▶ _Your assignment_
The listing below is to be written out word for word, minus its images.

▶ _The data_
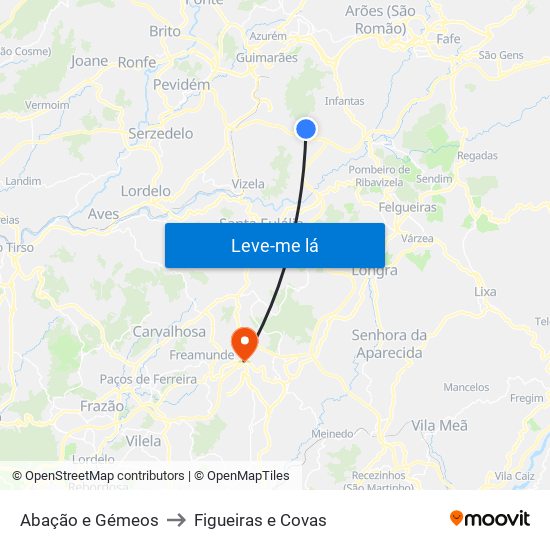 Abação e Gémeos to Figueiras e Covas map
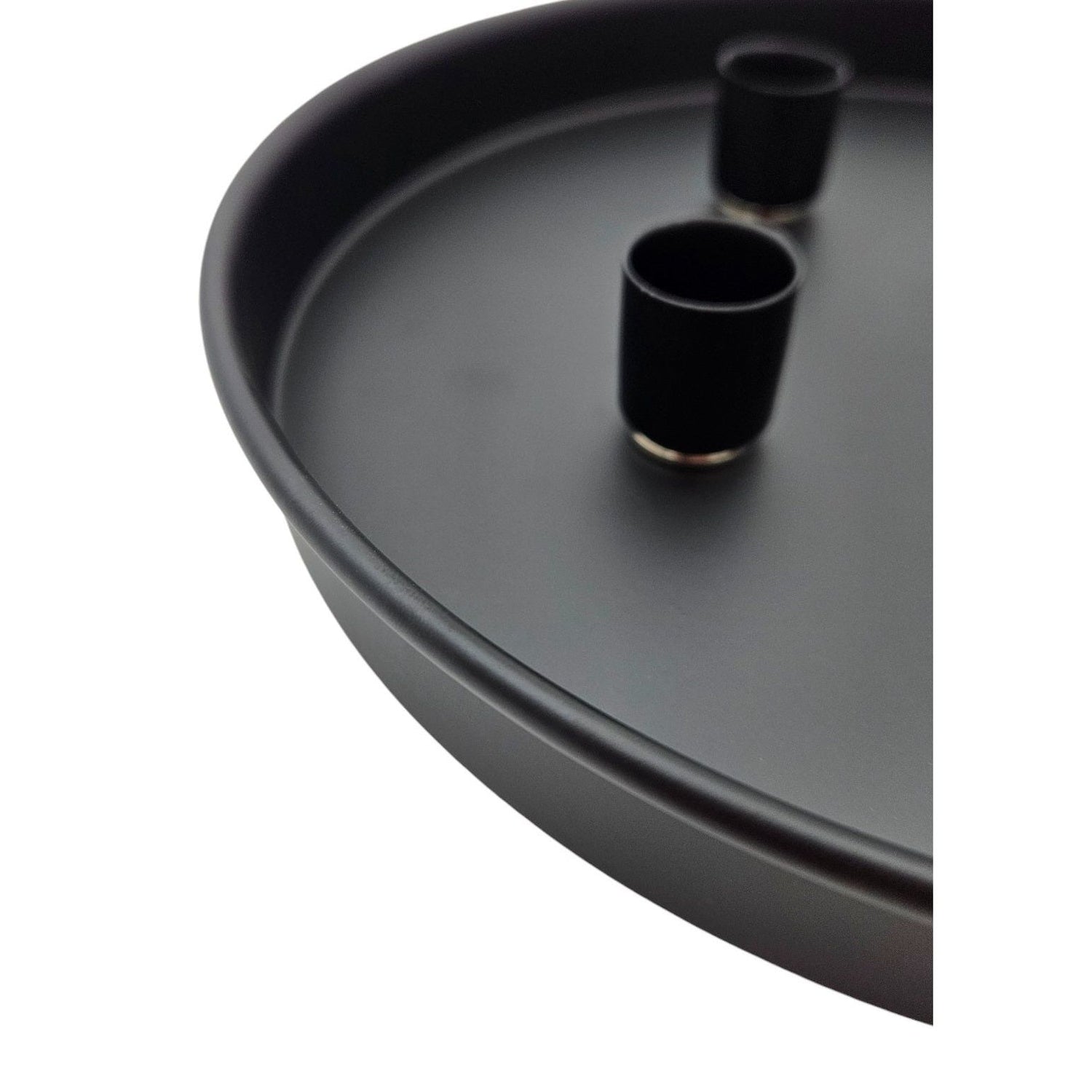 Candle plate candle tray magnetic candle holder tray black metal 25 cm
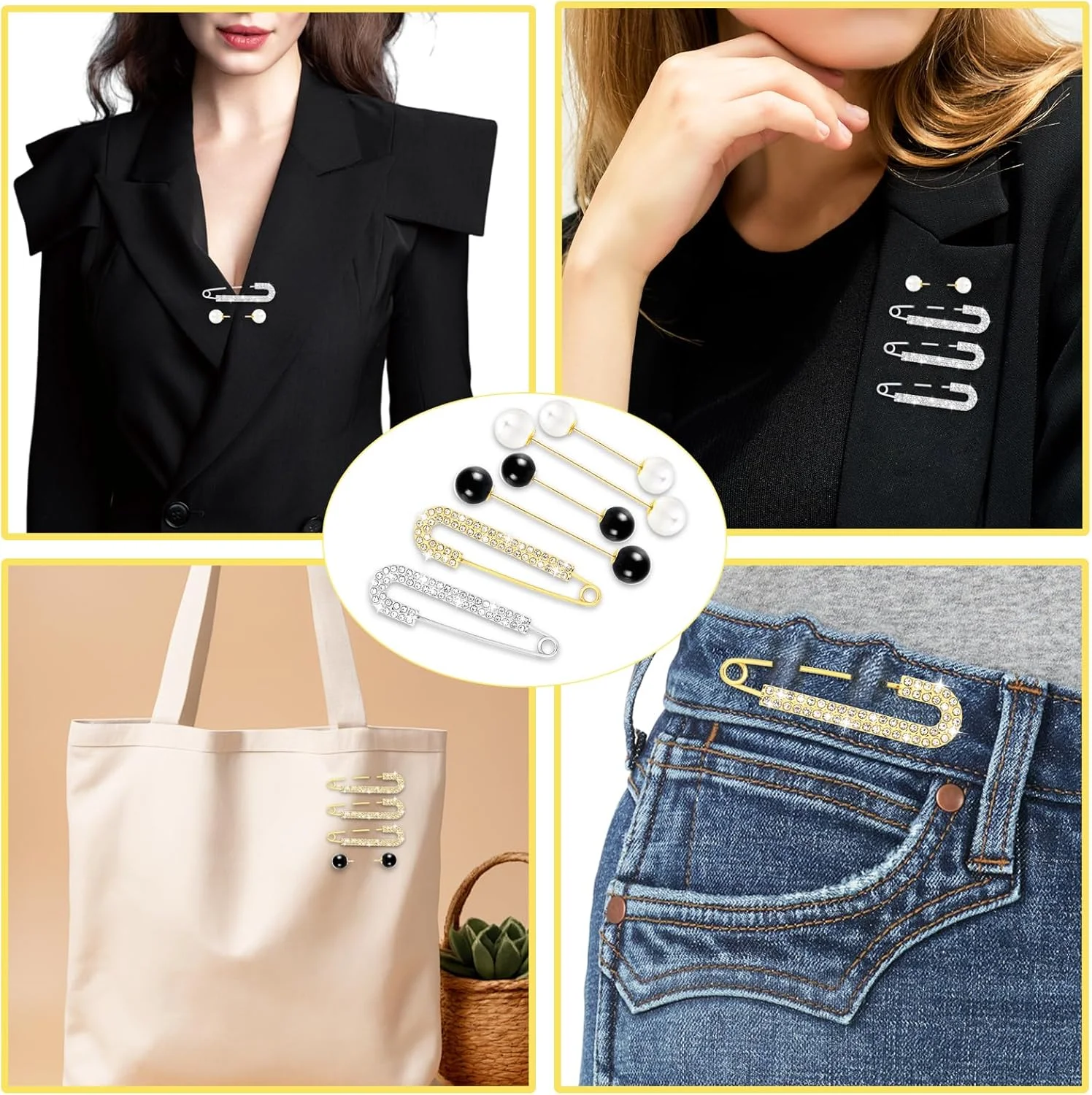 PLwelth 6 عدد سنجاق سینه مرواریدی، سنجاق قفلی نگین دار، گیره شال و ژاکت مرواریدی برای زنان و دختران، مناسب برای دامن، شلوار، ژاکت، روسری، کلاه و لوازم جانبی، سنجاق قفلی درخشان برای ساخت جواهرات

▶ _Output for this exercise_
 Abação e Gémeos to Figueiras e Covas map
 Candle plate candle tray magnetic candle holder tray black metal 25 cm
 PLwelth 6 عدد سنجاق سینه مرواریدی، سنجاق قفلی نگین دار، گیره شال و ژاکت مرواریدی برای زنان و دختران، مناسب برای دامن، شلوار، ژاکت، روسری، کلاه و لوازم جانبی، سنجاق قفلی درخشان برای ساخت جواهرات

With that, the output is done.